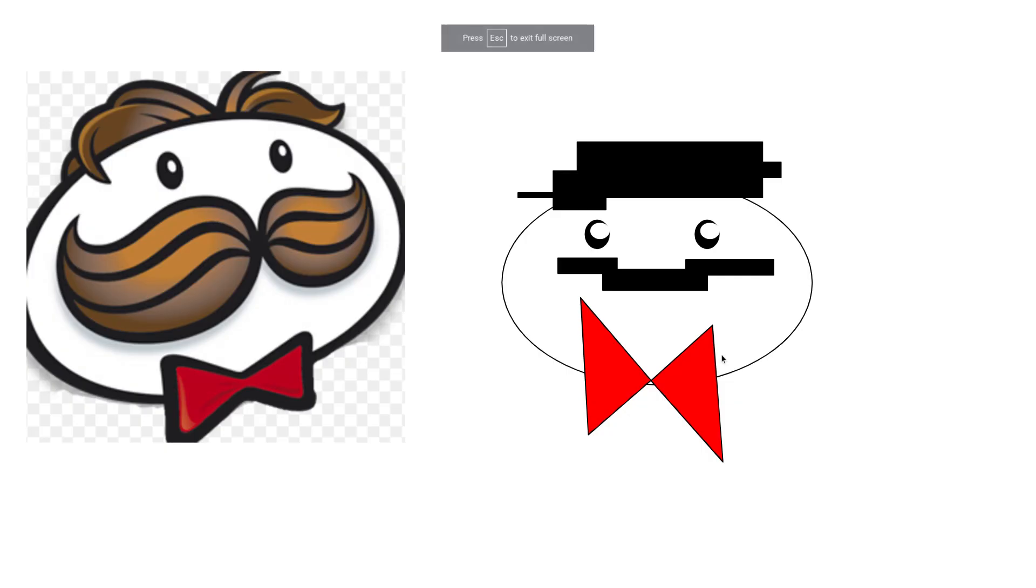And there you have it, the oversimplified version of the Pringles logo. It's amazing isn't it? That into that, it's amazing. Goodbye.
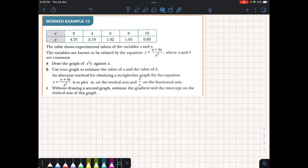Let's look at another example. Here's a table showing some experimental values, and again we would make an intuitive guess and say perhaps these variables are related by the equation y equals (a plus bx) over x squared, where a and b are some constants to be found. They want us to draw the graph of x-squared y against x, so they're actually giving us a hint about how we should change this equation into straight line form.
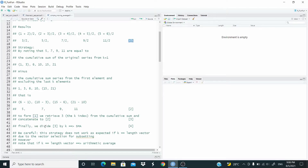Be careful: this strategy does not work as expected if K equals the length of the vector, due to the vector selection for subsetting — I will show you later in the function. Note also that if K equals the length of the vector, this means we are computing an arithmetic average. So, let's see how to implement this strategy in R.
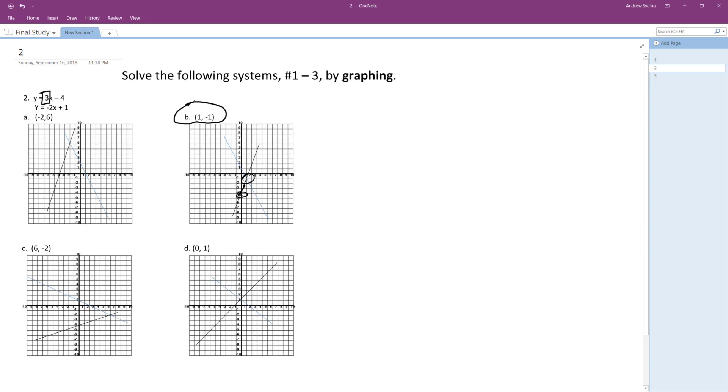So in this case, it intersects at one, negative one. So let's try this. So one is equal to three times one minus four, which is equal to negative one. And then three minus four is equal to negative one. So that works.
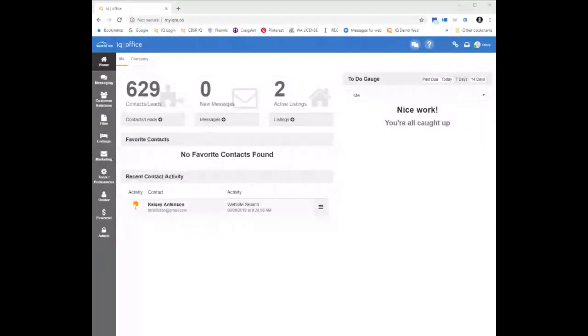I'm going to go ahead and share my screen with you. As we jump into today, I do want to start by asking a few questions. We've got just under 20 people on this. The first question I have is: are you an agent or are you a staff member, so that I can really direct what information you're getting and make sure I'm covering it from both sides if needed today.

•••

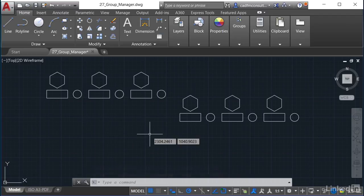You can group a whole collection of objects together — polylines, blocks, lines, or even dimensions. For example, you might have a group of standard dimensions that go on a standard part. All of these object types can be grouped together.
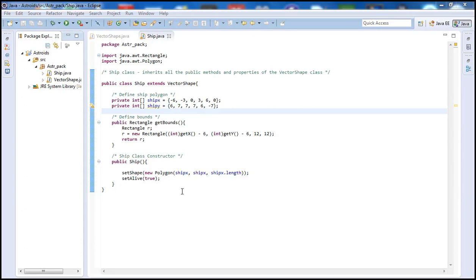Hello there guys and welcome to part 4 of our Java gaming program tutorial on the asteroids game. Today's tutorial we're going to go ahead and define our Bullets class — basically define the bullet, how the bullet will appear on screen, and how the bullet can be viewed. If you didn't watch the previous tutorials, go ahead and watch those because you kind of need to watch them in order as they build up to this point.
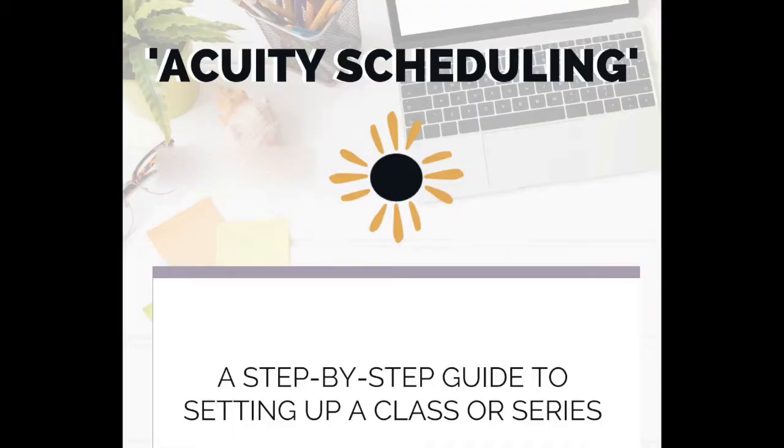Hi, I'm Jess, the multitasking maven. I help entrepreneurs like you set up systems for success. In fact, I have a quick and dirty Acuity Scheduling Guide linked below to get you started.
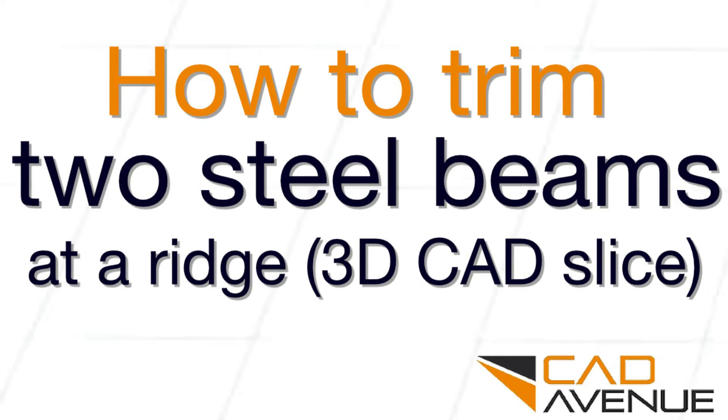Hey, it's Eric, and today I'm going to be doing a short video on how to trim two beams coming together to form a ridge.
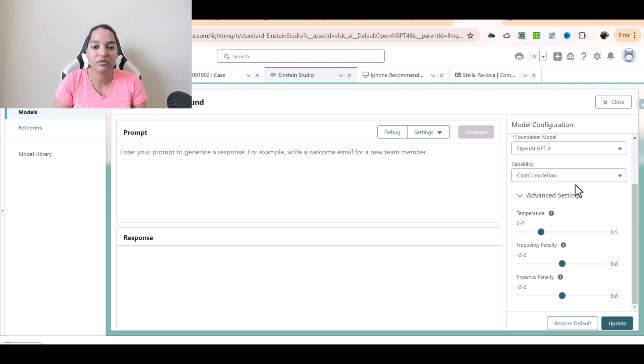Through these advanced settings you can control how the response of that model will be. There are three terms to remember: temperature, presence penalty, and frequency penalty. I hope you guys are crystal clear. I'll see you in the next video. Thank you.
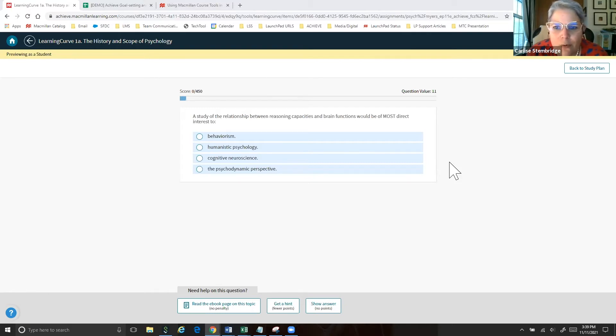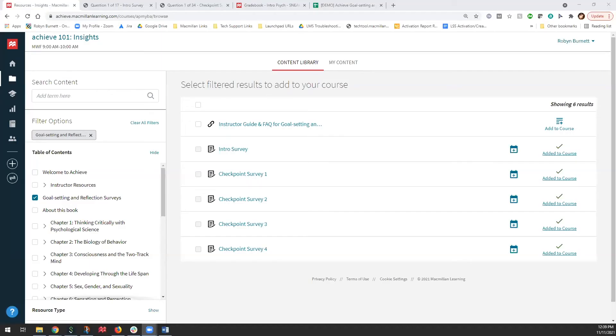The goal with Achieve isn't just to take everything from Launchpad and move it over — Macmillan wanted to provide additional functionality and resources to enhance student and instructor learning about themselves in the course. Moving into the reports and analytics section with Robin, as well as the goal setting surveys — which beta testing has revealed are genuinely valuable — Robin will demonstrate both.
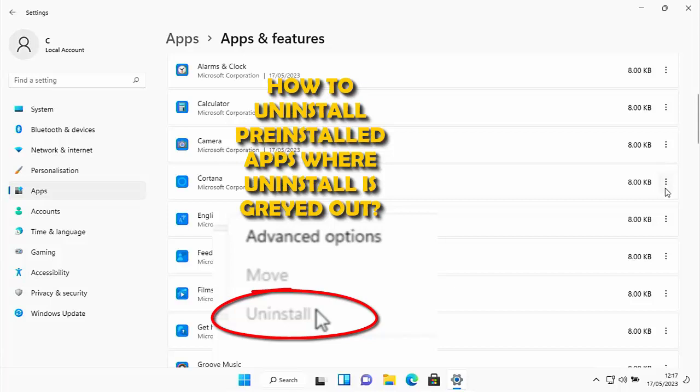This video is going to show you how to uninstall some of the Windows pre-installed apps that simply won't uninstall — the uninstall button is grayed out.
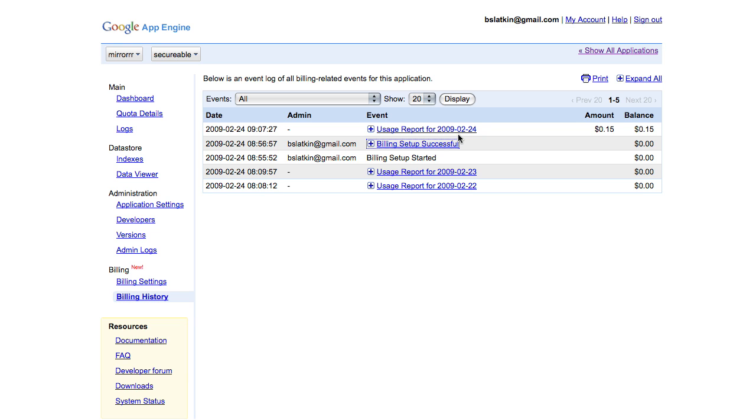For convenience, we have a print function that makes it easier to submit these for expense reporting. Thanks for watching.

•••

The problem »
Only one stretch of the entries above is needed: the lines from the one containing "Hey, it's Eric, and" through the one containing "Through these advanced". Copy it exactly, without the pictures.

Task result »
Hey, it's Eric, and today I'm going to be doing a short video on how to trim two beams coming together to form a ridge.
Through these advanced settings you can control how the response of that model will be. There are three terms to remember: temperature, presence penalty, and frequency penalty. I hope you guys are crystal clear. I'll see you in the next video. Thank you.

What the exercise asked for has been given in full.